WHAT YOU SHOULD DO: From the line with "Avión de FedEx en el centro" to the line with "ミディアム カラー パーマ", output every line below exactly, both ends included. Skip the pictures.

ENTRIES SUPPLIED:
########################################

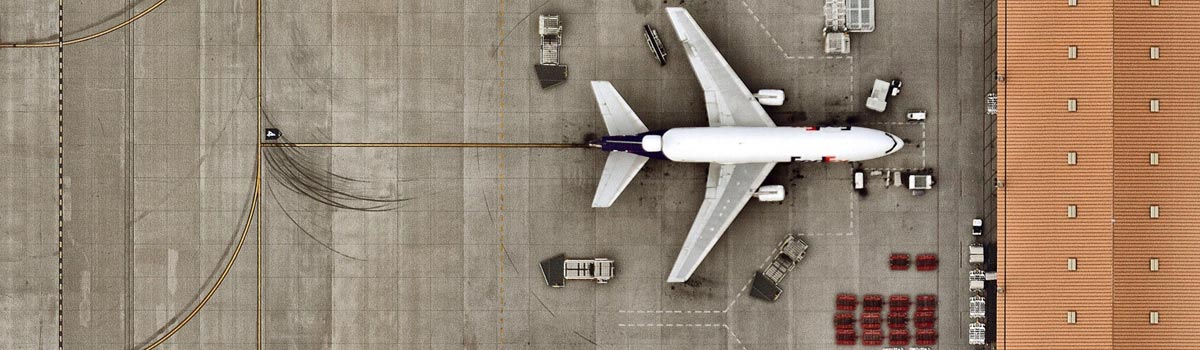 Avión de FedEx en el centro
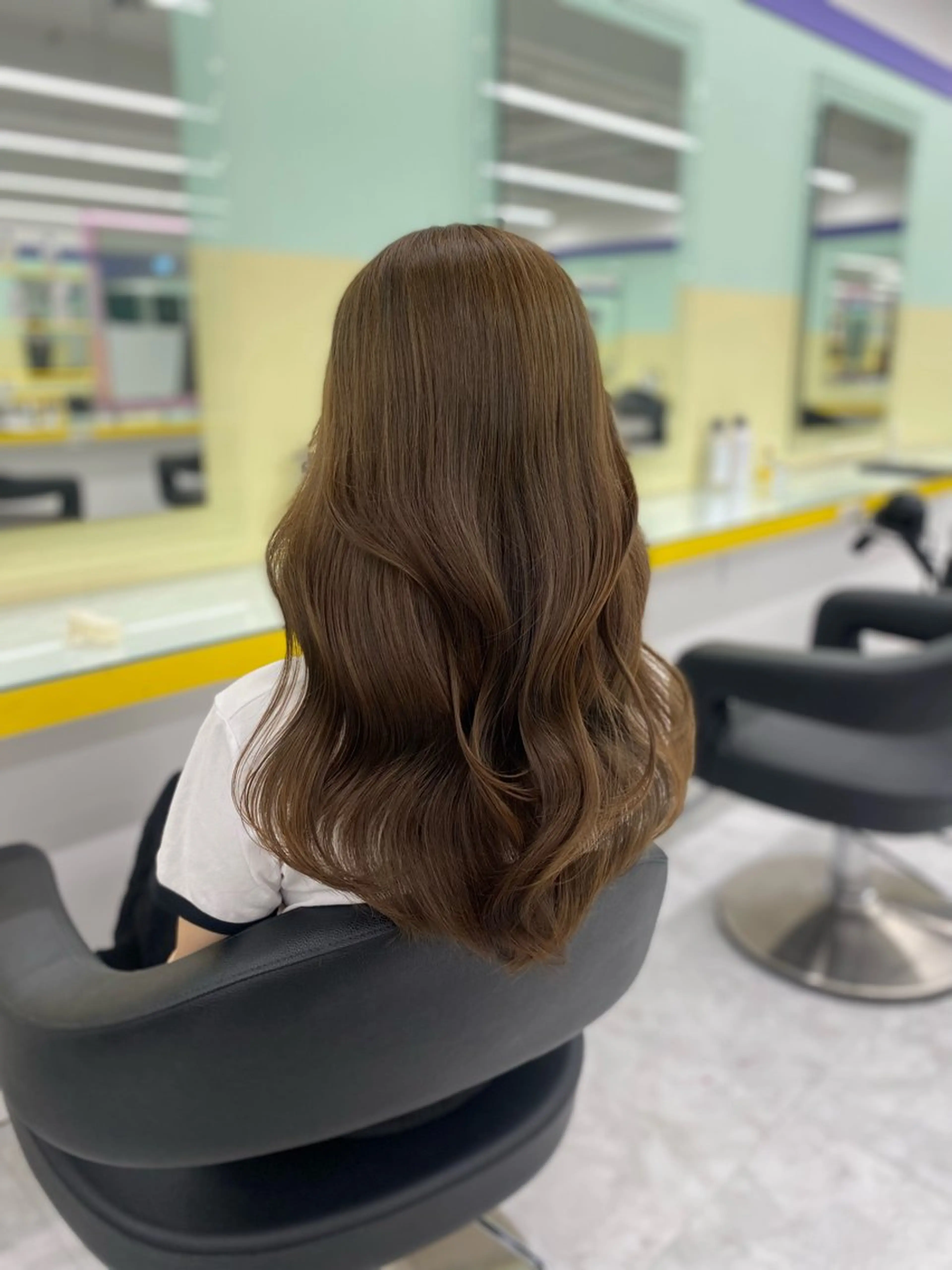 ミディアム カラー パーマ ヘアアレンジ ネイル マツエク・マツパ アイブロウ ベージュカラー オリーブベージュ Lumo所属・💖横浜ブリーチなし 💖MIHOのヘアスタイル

########################################

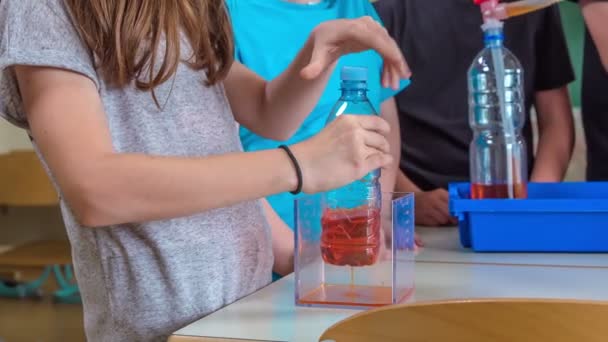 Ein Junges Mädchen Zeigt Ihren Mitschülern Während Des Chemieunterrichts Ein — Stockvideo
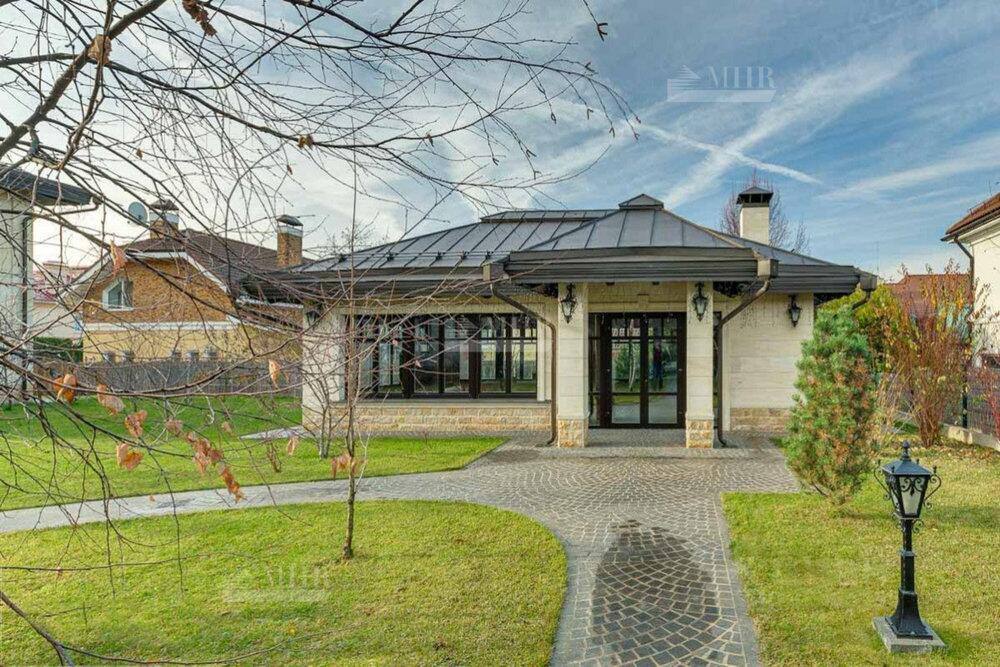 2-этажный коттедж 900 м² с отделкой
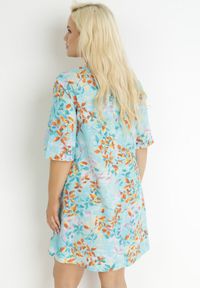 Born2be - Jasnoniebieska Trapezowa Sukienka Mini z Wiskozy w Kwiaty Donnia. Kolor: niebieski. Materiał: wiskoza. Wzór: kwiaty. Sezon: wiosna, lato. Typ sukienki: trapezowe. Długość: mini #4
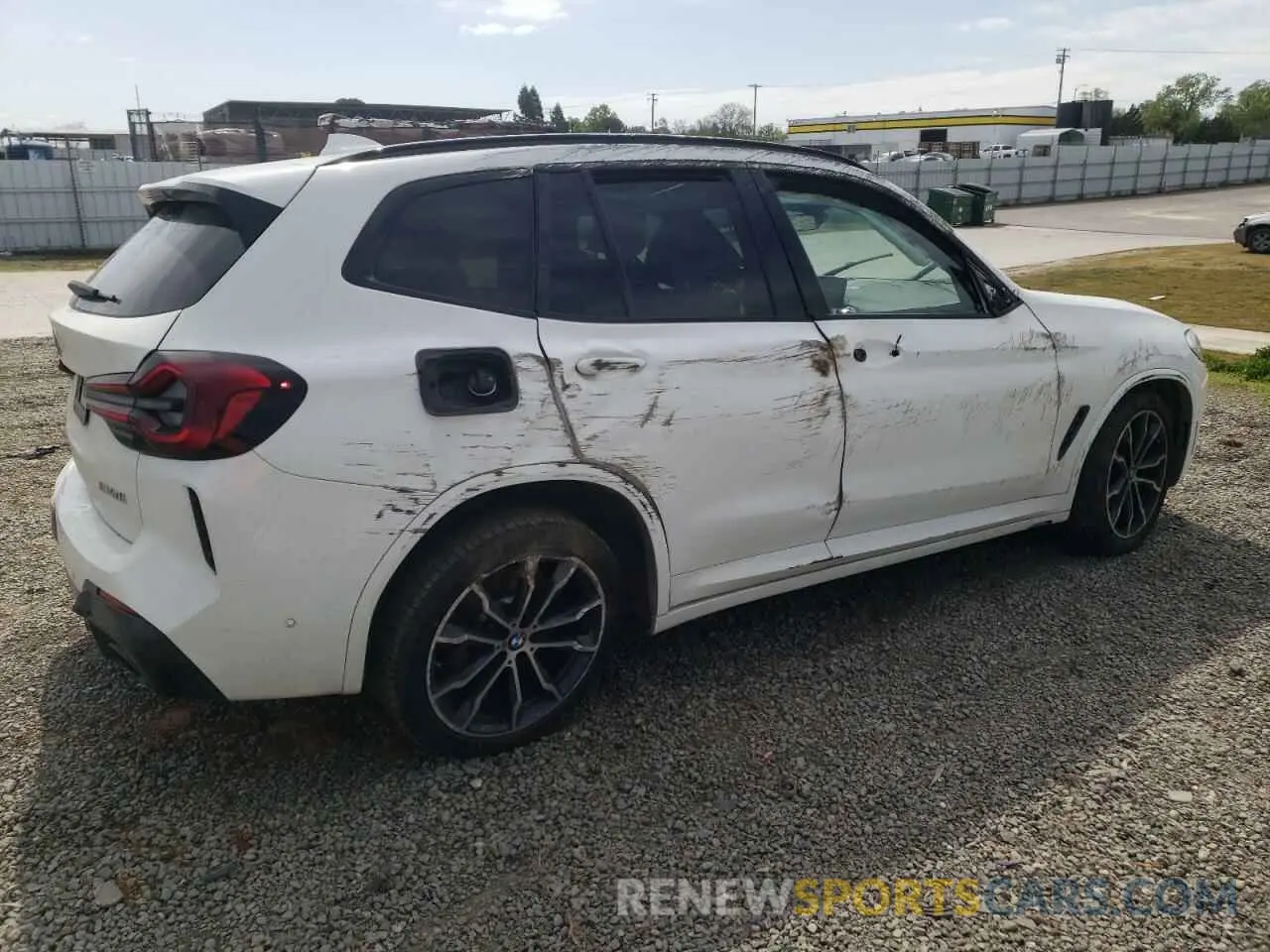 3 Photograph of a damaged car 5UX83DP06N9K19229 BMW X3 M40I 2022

########################################

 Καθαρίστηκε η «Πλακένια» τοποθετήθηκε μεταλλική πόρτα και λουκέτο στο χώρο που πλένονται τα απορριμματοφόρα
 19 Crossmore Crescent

########################################

RESPONSE AREA:
 Avión de FedEx en el centro
 ミディアム カラー パーマ ヘアアレンジ ネイル マツエク・マツパ アイブロウ ベージュカラー オリーブベージュ Lumo所属・💖横浜ブリーチなし 💖MIHOのヘアスタイル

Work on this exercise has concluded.